And these numbers come on the back of very low growth levels since 2011 (averaging just 1 percent) and, prior to that, a shrinkage in GDP of 3.5 percent in 2009 and 0.5 percent in 2010. Thus, economic growth in the Caribbean nations is very fragile and heavily dependent on the oil subsidy from Venezuela.

In the same way, the balances of payments of the Caribbean economies are heavily dependent on Petrocaribe subsidies. In spite of paying a discounted price for their oil, and only having to pay between 40 and 50 dollars up front with the rest being payable as a loan (some countries have even had the privilege of making payments in kind with their own products), all the participating countries, with the exception of Suriname, are running balance of payments deficits. And worst of all, the level of indebtedness owed to Venezuela by the participating countries is increasing to such a degree that it may become impossible to service, particularly if the aid system itself collapses, something which indeed seems to be happening.

The Dominican Republic owes Venezuela more than 12 billion dollars, Jamaica another 6 billion and the Bahamas a little more than 3 billion. These are the three big debtors but the list is long and the total debt adds up to some 25 billion dollars which, at the rate things are going, won’t be recovered by Venezuela for decades.

The situation is similar in Central America where the country which receives the most benefits is Nicaragua. Indeed it was President Daniel Ortega who recently expressed his worries about this matter to President Obama and concluded that it was necessary to find other forms of energy cooperation given the unsustainability of Venezuelan aid and the resulting vulnerability of the economies of Central America and the Caribbean.

All of this is occurring in the context of important changes in the patterns of energy production in the hemisphere. For the first time in its history the United States has become self-sufficient in energy and indeed has become an energy exporter. Mexico is carrying out reforms that will lead to increased production and similar developments are occurring in Canada.

In a nutshell, the three NAFTA states, led by the United States, today have the capacity to play a major role in the Caribbean and Central American regions by promoting alliances and cooperation models based on new sources of energy which will have a greater economic impact and are truly sustainable. Sources in Washington confirm that this is indeed the direction the White House is working towards.
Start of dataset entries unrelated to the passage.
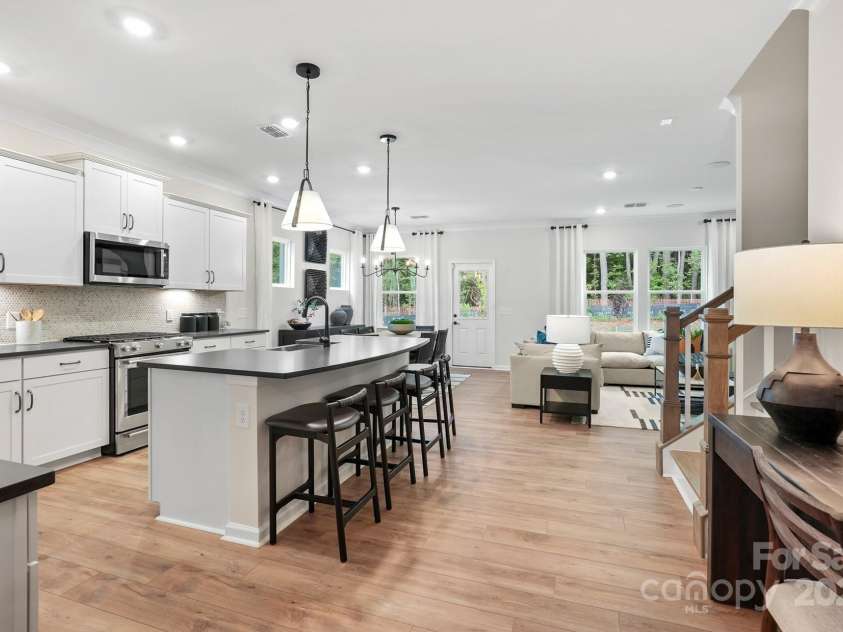 11428 Glasden Road, Charlotte, NC 28278.  MLS# CAR4290630, YatesRealty ID 35056. Representative Photo Only
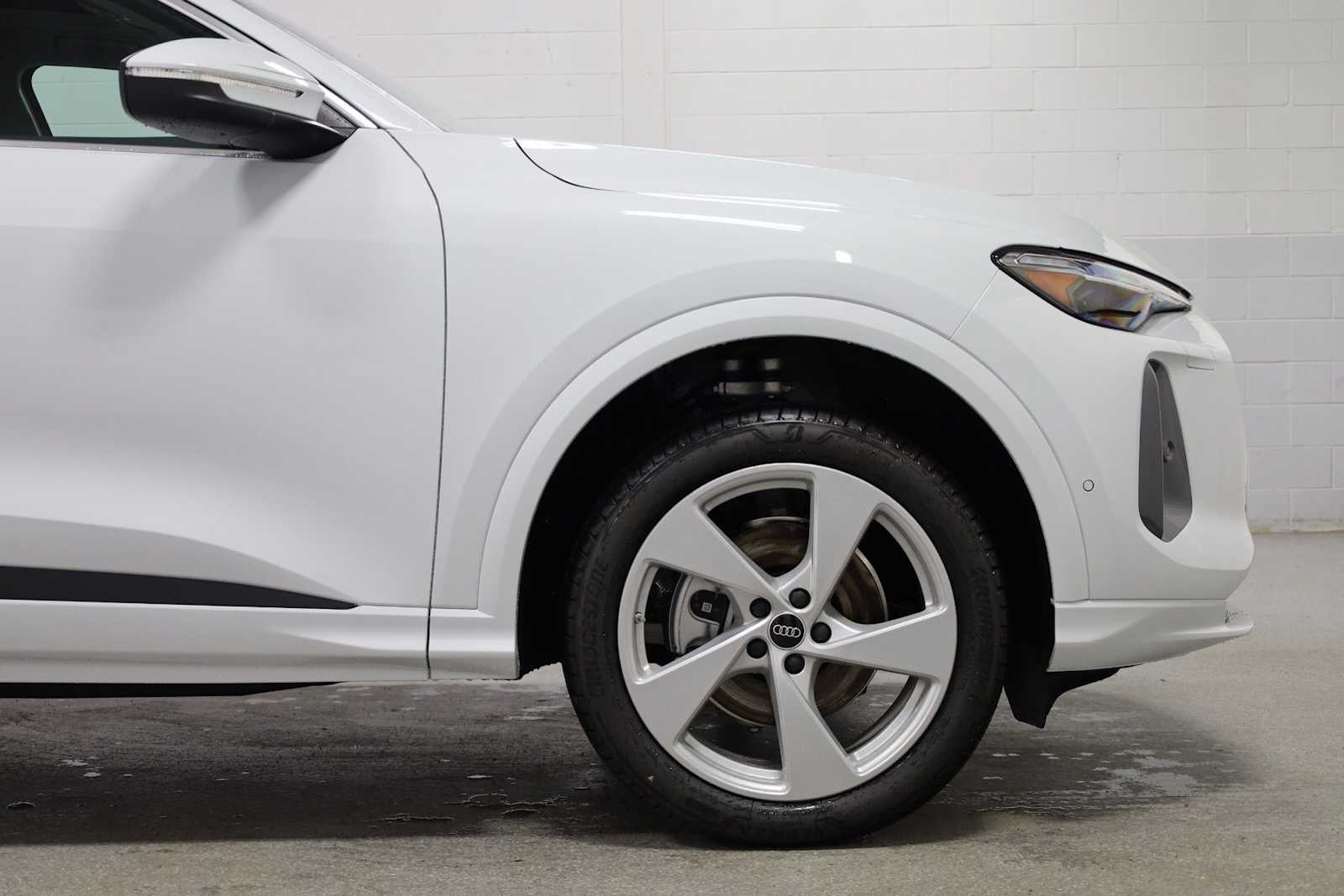 Thumbnail: 2026 Audi Q5 - 11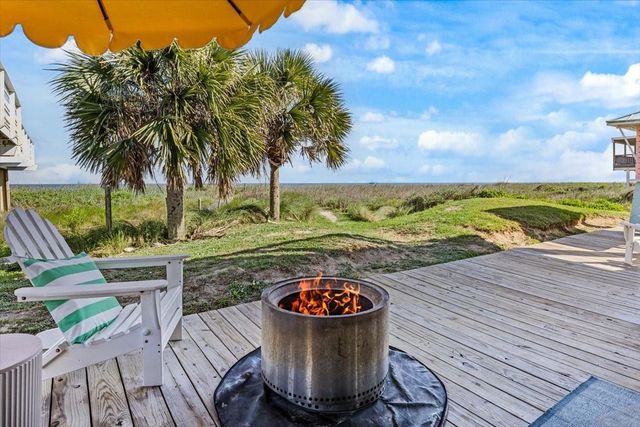 22805 Gulf Drive, Galveston, TX 77554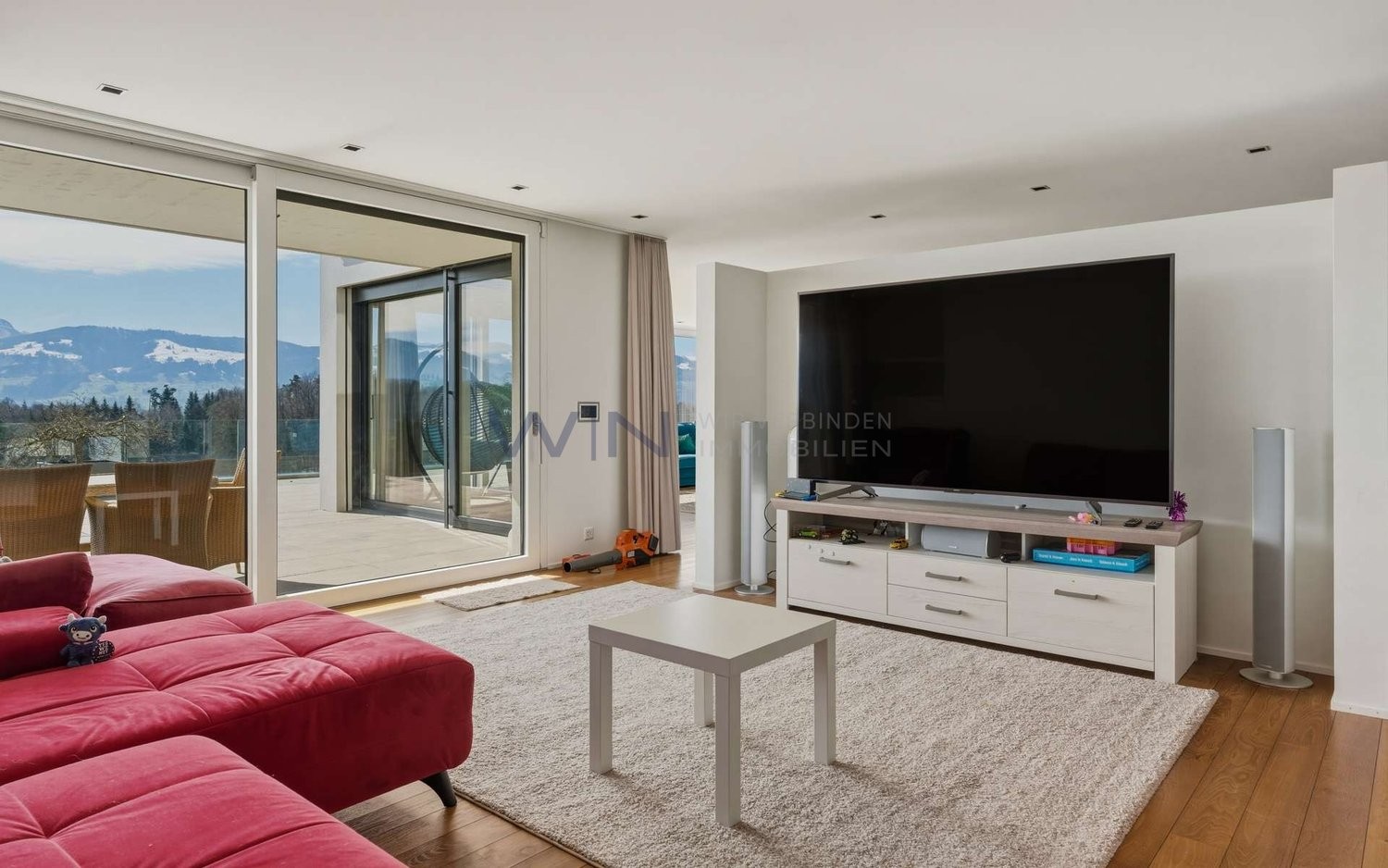 Rifugio familiare ai margini del bosco con piscina infinity

- Vicolo tranquillo ai margini del bosco, sud, vista inamovibile sulle Alpi
- Parquet in vero legno, 3 camini, ampio soggiorno con accesso alla terrazza
- Sauna, stanza wellness, smart home, impianto di allarme, caduta biancheria, pannelli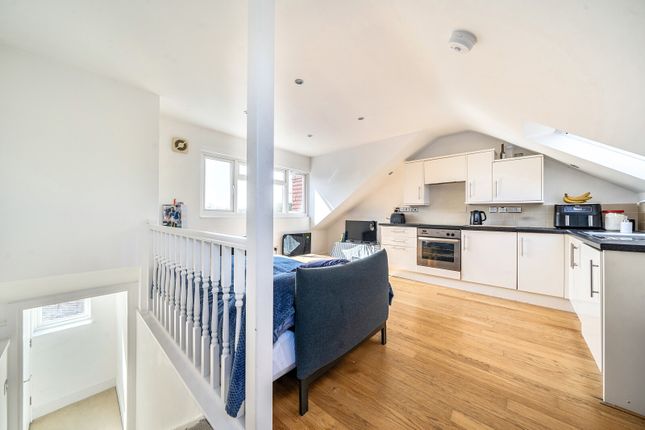 Flat 4, 276, Kingston Road, Teddington photo 2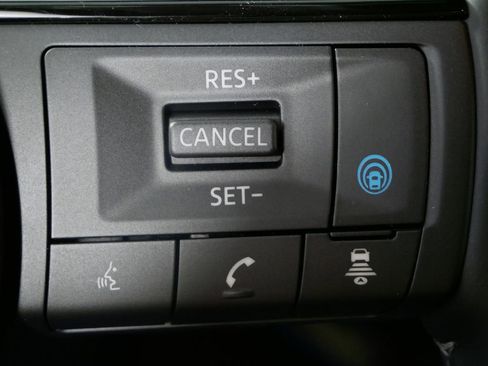 New 2025 Nissan Pathfinder Platinum image 24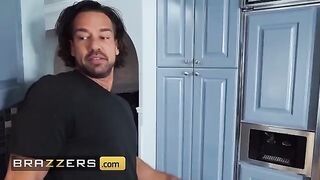 Phoenix Marie cheats on her hubby with his old mate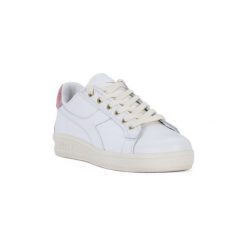 Buty Diadora 8007 MARTIN PREMIUM. Białe trampki i tenisówki damskie Diadora, bez wzorów, bez zapięcia. Za 378,34 zł.
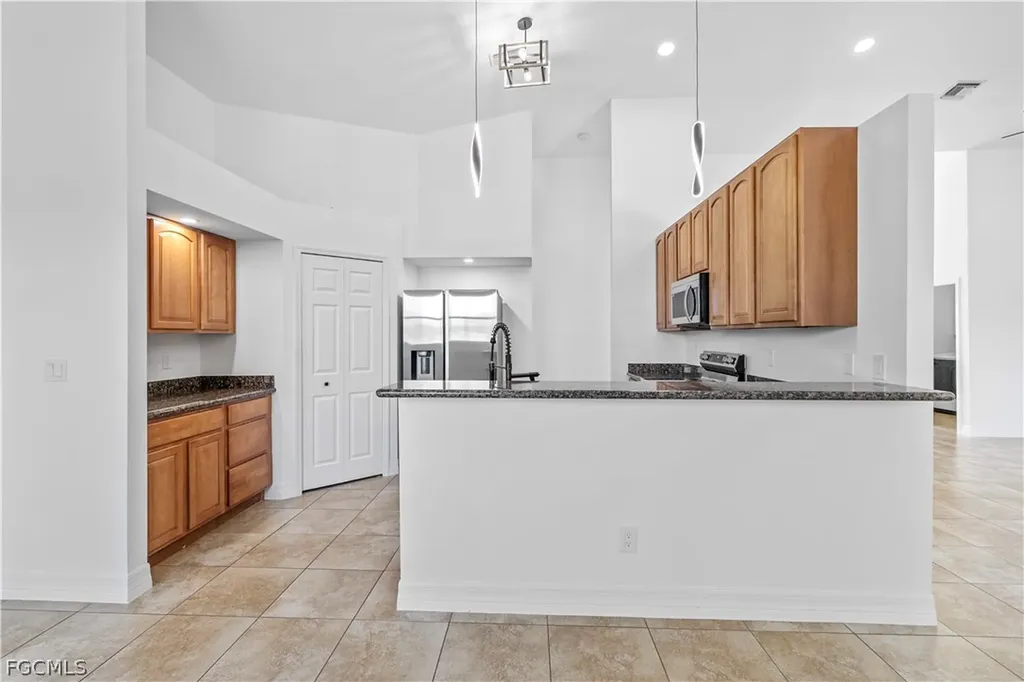 401 NW 27th Avenue Cape Coral FL 33993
During the past decade China’s imports have fueled a Latin American “commodities-exports-driven” growth which providing resilience to the world economic crisis. However, the Caribbean and Central America are a different story, as these economies have been much less resilient to the world economic slowdown, and highly vulnerable to the high cost of energy. Indeed, the uncertainties in Europe and other Western economies, has impacted among other things the flow of tourism to the Caribbean.

Politically speaking, within the OAS, analysts have clearly identified the Petrocaribe countries as the key factor to the diminishing hemispheric influence of the United States in the Americas, and indeed, together with the ALBA countries (Nicaragua, Bolivia and Ecuador), a protective shield to any initiative to enforce democratic values in the case of Venezuela under the Inter-American Democratic Charter.

To this extent, Venezuela’s intervention in this region has not only a political impact, but it has created a significant economic distortion and vulnerability to a region that is critical for United States foreign policy.

As the future of the economies in the Caribbean, which depend on Petrocaribe’s assistance becomes ever more uncertain, their only hope is to look for alternatives to the north. Indeed, an economic collapse in the Caribbean and Central America could feed, among other consequences, the growth of organized crime operatives which are linked to illicit trades, drug trafficking and other unwanted and unwelcomed consequences for the United States and the Caribbean, and the CAFTA-DR market.

Times are changing and with them will change, beyond any doubt, the “political solidarity” of many with the “Venezuelan revolution.” This trend, in which the decline of Petrocaribe is converging with the energy independence achieve by the United States lends perfectly for the United States to reach bipartisan consensus to foster and launch a renewed partnership with the Caribbean and Central America to promote development, in which, energy comes the key element of the strategy.

The time for bold leadership from the United States in the Caribbean and Central America has come.